As for grit, I don’t think it is simply something you have or you don’t. I suspect gritty behavior is contextually specific. People who have it in one context, may not have it at all in another. Grit strikes me as a mix of desire, hope, and a learned ability to be successful at something an individual considers most important. To be successful at one activity may require an incredible level of selfish behavior. You have to be gritty in maintaining your selfishness, but that very same grit may utterly sabotage any chance of your having success in a situation calling for selflessness.
I also think the basis of what constitutes success needs to be questioned more closely. In our present moment it seems based on an individual's measures of wealth, power and ability at domain specific skills. Success is an individual who maximizes their standing in one or more of these areas irrespective of how they behave. But focusing on those measures seems to cause people to ignore the most important drivers of individual success. After all, individual success is never an individual effort. At the very least, the contribution of mentors, public education, organized society, culture, technology and luck are at least as important as individual effort. If anything, monomaniacal devotion to the worship of individual success has led to the vast concentration of wealth in very few hands. When wealth is that concentrated it seems only those who are both incredibly selfish and incredibly lucky can be successful. The only grit that gets recognized under those conditions is that of the lucky, selfish few.
Can grit be learned in a new context?
I don't see why not. But to do it purposly would require something akin to building willpower. Otherwise it would require a lot of luck. Example: the mild mannered <insert cliche character> faces an emergency and struggles, but with luck survives then thrives. It's the foundation of many heroic stories and movies. The key is that they luckily survive initially, and then learn to survive in the new environment. It's similar to what happens in war. If a soldier survives his first few combat situations his statistical chance of survival increases dramatically. Parsing out exactly what is luck and what is innate character is an artificial habit of the human attempt to rationalize. Most soldiers who have experienced a lot of combat consider themselves very lucky to have survived (in fact some of them so much so it causes a lot of guilt), although they also recognize they have a significantly better level of fighting skill than someone who has not been in combat.
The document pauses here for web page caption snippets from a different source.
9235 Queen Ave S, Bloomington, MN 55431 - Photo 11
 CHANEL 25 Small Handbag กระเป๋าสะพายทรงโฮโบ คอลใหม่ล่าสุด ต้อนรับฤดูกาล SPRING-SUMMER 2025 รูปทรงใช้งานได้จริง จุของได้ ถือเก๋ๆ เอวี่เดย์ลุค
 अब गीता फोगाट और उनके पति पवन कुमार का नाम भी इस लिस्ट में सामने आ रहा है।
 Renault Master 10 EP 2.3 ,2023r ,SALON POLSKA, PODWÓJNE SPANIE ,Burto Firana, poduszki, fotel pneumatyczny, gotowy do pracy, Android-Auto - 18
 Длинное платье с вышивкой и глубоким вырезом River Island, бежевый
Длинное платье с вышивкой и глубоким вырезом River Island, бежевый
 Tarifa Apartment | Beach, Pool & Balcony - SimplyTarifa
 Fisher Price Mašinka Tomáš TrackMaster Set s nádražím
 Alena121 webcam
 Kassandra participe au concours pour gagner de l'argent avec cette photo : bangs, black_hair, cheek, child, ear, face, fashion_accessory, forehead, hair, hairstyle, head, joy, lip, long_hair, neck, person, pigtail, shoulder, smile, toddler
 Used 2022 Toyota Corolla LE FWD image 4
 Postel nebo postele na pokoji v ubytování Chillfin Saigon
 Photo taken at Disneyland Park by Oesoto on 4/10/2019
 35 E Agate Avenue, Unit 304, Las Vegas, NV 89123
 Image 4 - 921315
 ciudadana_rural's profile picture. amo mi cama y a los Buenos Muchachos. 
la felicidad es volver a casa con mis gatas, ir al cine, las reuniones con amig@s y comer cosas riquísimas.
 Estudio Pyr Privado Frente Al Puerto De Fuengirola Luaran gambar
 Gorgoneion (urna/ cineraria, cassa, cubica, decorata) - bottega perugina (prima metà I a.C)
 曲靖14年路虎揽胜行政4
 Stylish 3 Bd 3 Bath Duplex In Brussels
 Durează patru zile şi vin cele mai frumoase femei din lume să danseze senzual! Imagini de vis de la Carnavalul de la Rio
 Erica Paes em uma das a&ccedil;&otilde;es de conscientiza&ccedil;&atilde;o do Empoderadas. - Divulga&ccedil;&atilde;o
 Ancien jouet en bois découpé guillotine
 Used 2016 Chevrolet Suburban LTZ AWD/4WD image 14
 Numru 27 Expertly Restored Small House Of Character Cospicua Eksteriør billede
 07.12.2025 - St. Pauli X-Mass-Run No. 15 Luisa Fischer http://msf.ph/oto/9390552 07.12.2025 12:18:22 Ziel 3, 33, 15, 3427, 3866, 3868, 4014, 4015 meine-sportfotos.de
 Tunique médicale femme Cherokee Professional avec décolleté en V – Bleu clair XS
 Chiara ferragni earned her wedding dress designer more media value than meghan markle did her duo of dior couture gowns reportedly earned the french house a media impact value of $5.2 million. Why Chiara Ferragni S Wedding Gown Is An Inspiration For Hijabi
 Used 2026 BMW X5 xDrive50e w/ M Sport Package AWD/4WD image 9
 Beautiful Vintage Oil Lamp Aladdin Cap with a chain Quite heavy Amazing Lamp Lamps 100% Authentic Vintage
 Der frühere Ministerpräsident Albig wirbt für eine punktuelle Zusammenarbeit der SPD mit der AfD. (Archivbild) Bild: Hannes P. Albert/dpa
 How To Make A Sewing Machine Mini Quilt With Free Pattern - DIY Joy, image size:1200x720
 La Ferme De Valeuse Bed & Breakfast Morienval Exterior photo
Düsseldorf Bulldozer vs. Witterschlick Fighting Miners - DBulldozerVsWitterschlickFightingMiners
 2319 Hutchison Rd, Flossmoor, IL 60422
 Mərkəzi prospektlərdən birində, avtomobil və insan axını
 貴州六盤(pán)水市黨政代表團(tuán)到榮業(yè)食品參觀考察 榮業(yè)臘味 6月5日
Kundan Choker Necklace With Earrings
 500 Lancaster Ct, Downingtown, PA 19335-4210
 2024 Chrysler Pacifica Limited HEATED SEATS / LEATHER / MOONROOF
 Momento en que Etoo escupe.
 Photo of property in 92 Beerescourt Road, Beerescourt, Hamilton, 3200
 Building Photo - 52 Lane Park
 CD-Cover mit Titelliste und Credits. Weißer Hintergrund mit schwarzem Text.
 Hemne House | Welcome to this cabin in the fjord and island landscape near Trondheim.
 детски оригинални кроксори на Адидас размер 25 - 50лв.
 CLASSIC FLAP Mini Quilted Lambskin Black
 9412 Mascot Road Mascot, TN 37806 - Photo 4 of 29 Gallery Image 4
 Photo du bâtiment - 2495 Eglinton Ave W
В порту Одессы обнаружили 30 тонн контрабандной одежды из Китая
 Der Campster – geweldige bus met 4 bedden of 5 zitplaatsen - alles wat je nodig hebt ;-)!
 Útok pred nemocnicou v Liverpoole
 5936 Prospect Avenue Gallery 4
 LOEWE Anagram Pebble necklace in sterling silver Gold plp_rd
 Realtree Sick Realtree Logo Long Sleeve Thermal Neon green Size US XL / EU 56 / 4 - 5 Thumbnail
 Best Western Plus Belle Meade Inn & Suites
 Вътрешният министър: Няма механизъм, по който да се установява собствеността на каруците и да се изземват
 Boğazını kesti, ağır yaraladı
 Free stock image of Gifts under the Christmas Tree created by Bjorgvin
What irritates me about the cult of individual achievement is how little those who worship it recognize the luck of circumstances. That said, I also get irritated with politically left-leaning types who promote an extensive nanny state, because the best way to improve someone's situation is to do it in a way that they learn to help themselves. The old "teach a man to fish". You can't just give people everything for free and expect it to work out well.
Seems like every survivor has at least some luck.
Building grit is like building character: It develops when things aren't working well.
Definitely food for thought. I'm still thinking grit can be learned.